■ **Directions**: The answer must be an exact copy of the lines from the one with "Iphone 17 Pro 256Gb Azul" through the final line below, with no pictures and nothing else.

(Excerpted records begins)

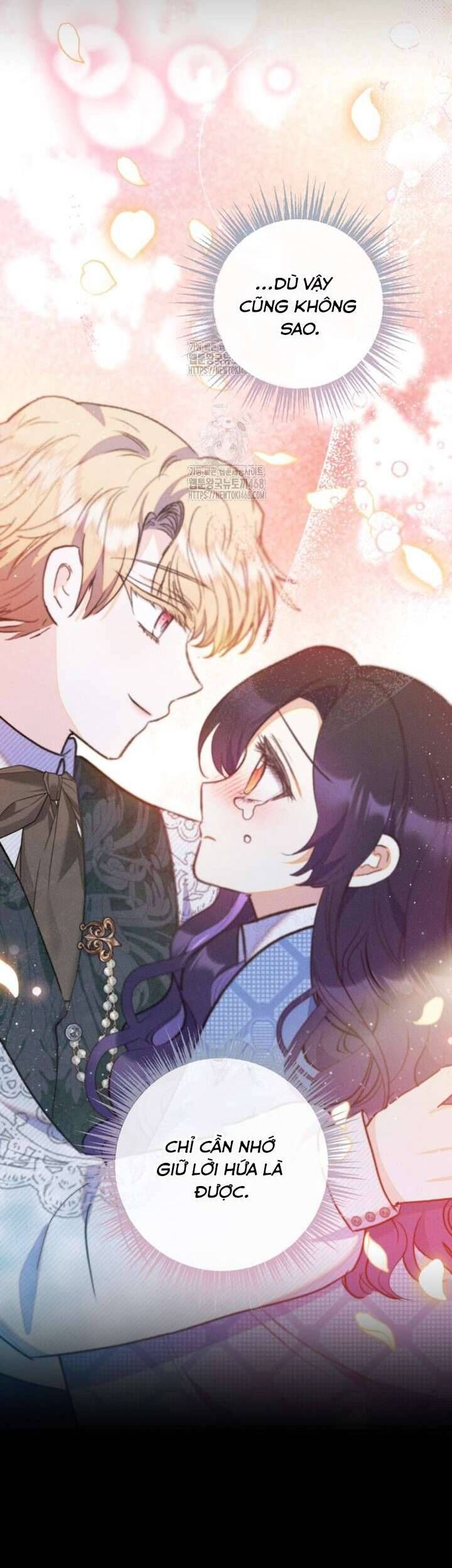 Con Gái Cưng Của Quỷ: Chapter 113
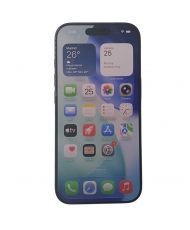 Iphone 17 Pro 256Gb Azul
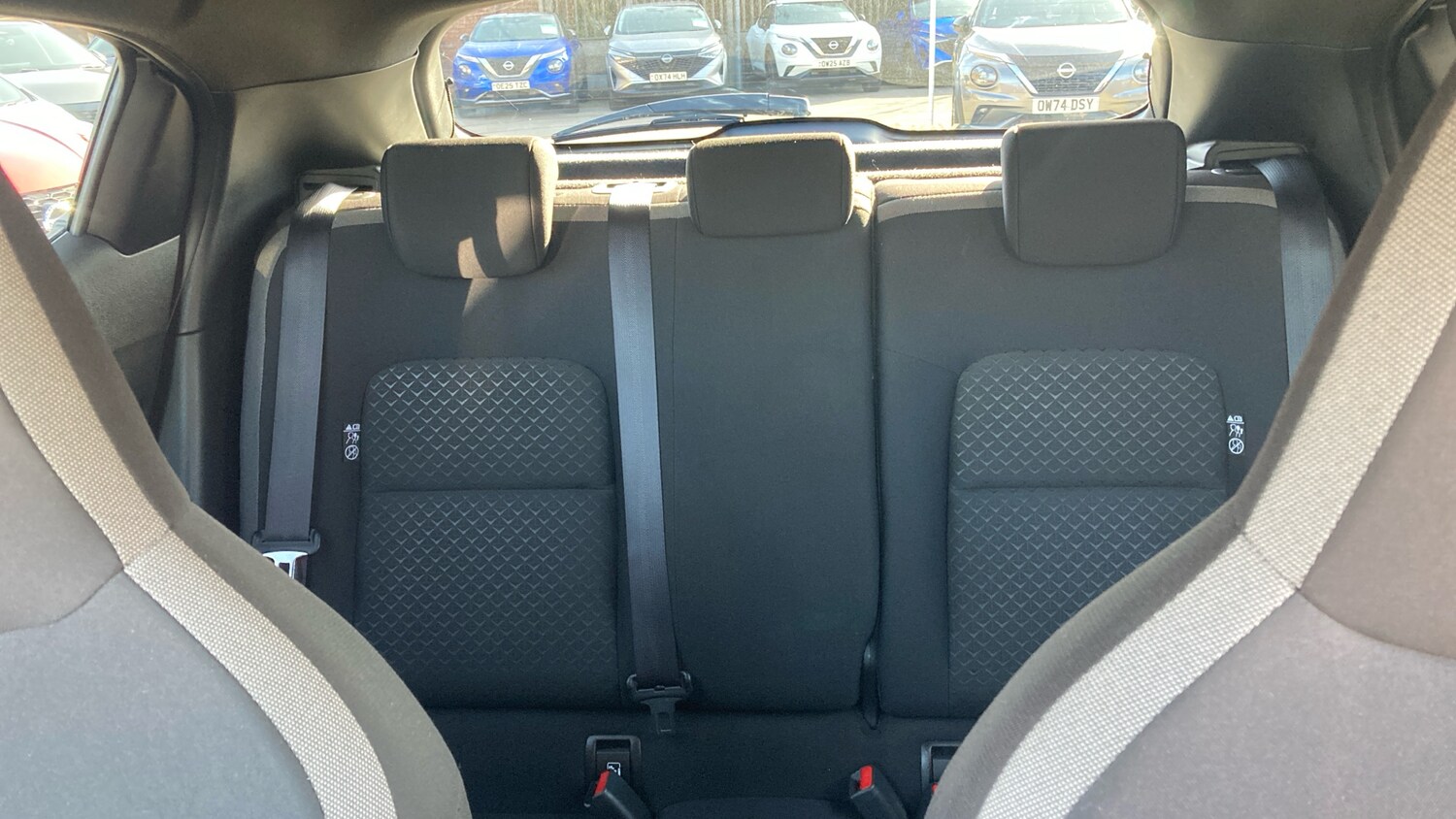 Used Nissan Juke 2020 for sale - 77933873: Photo 15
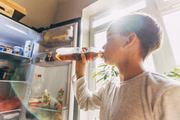 O refrigerante é uma bebida ultraprocessada rica em açúcar adicionado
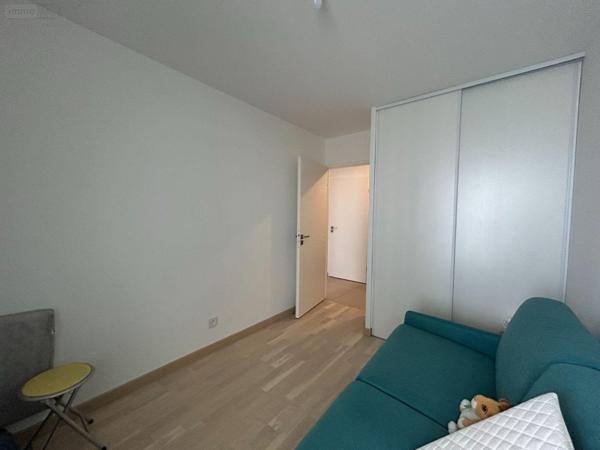 Appartement à vendre à Le Bouscat en Gironde (33110), ref : 026/1001.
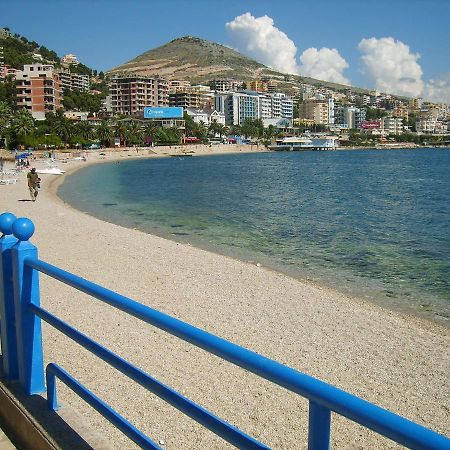 Sarande Apartment Екстер'єр фото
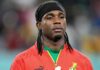 Ati Zigi dismisses claims of poor communication with Black Stars defenders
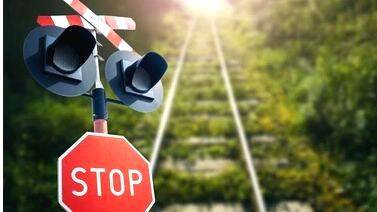 railway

(Excerpted records ends)

■ **Written solution**:
 Iphone 17 Pro 256Gb Azul
 Used Nissan Juke 2020 for sale - 77933873: Photo 15
 O refrigerante é uma bebida ultraprocessada rica em açúcar adicionado
 Appartement à vendre à Le Bouscat en Gironde (33110), ref : 026/1001.
 Sarande Apartment Екстер'єр фото
 Ati Zigi dismisses claims of poor communication with Black Stars defenders
 railway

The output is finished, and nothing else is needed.